====== Input data ======

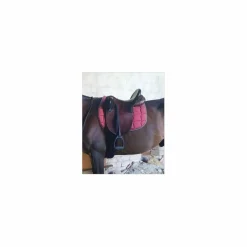 Selle Australienne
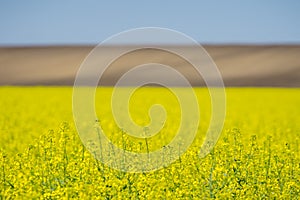 Oilseed yellow flowers with uncultivated fien in background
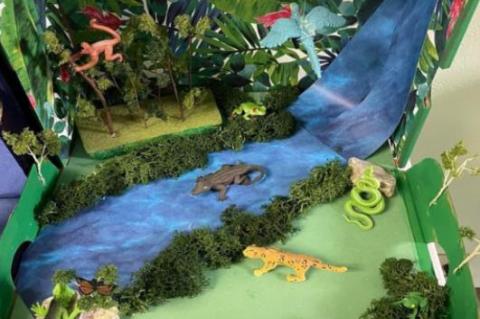 FIFTH GRADE CLASS CREATES ECOSYSTEM DIORAMAS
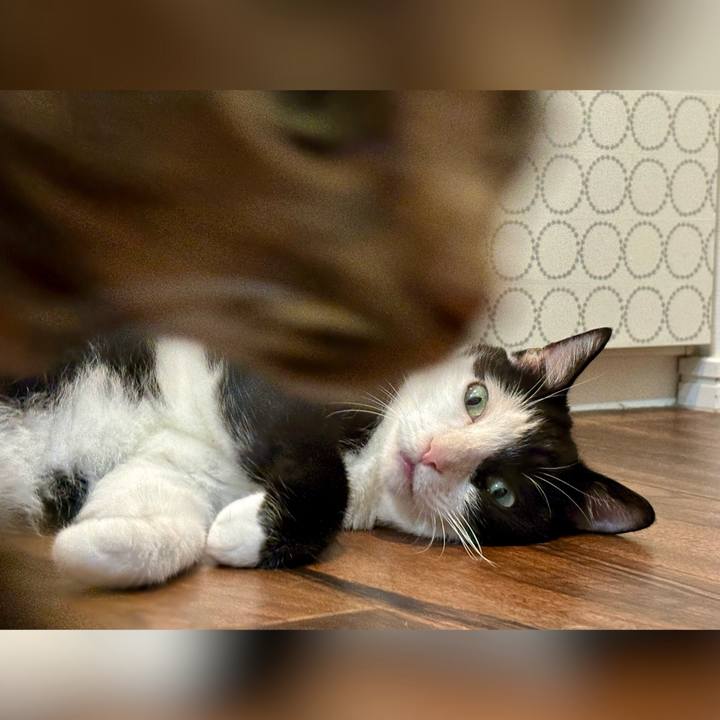 A509ae9b 968f 4bb3 99d9 e0486f4cf361 1726743621486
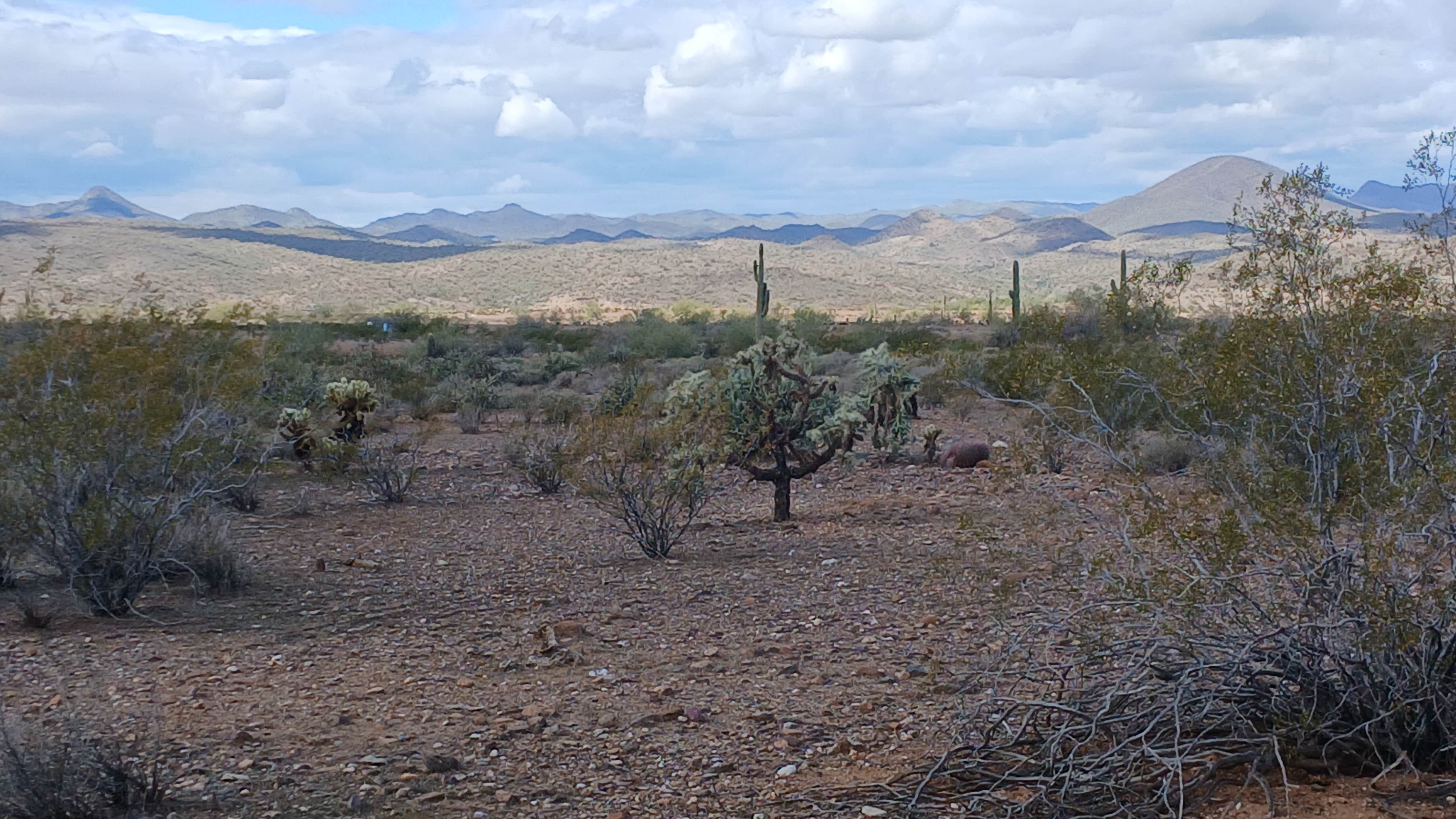 Camper-submitted photo at Phoenix reservoir near Phoenix, AZ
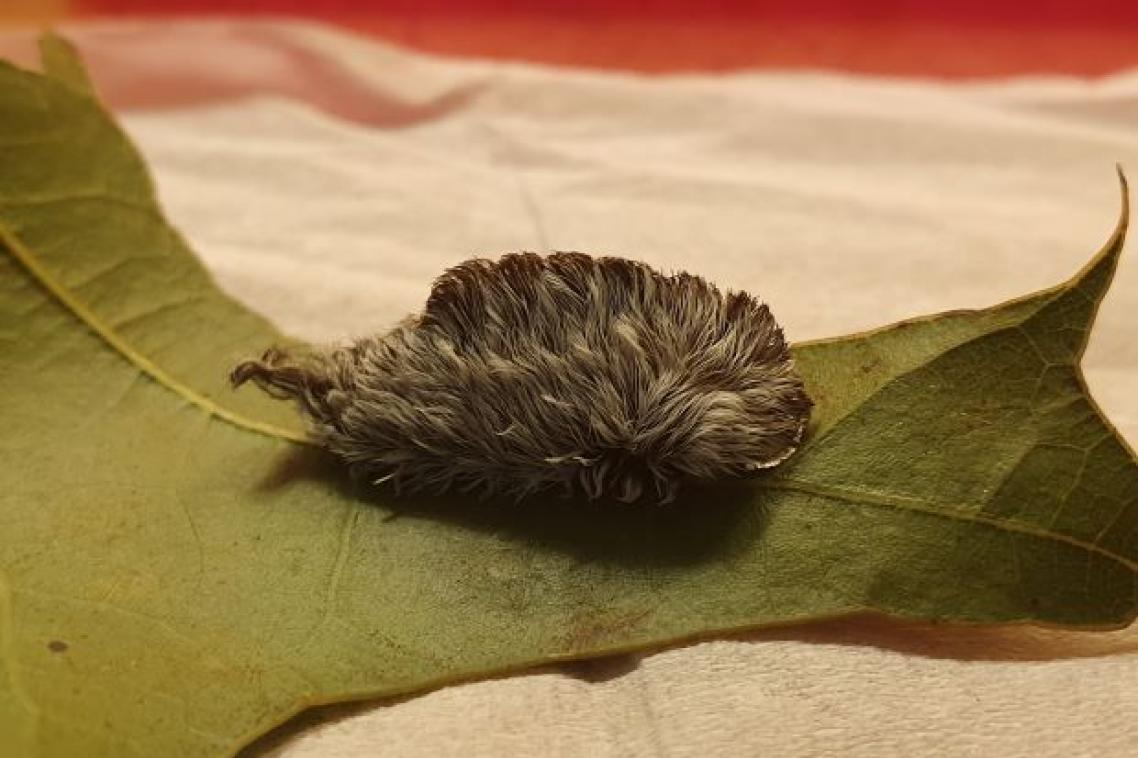 The asp caterpillar on a green leaf. Image, UQ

======

• The problem:
Word for word, copy all the entries above, but with no pictures.

• Response to this exercise:
 Selle Australienne
 Oilseed yellow flowers with uncultivated fien in background
 FIFTH GRADE CLASS CREATES ECOSYSTEM DIORAMAS
 A509ae9b 968f 4bb3 99d9 e0486f4cf361 1726743621486
 Camper-submitted photo at Phoenix reservoir near Phoenix, AZ
 The asp caterpillar on a green leaf. Image, UQ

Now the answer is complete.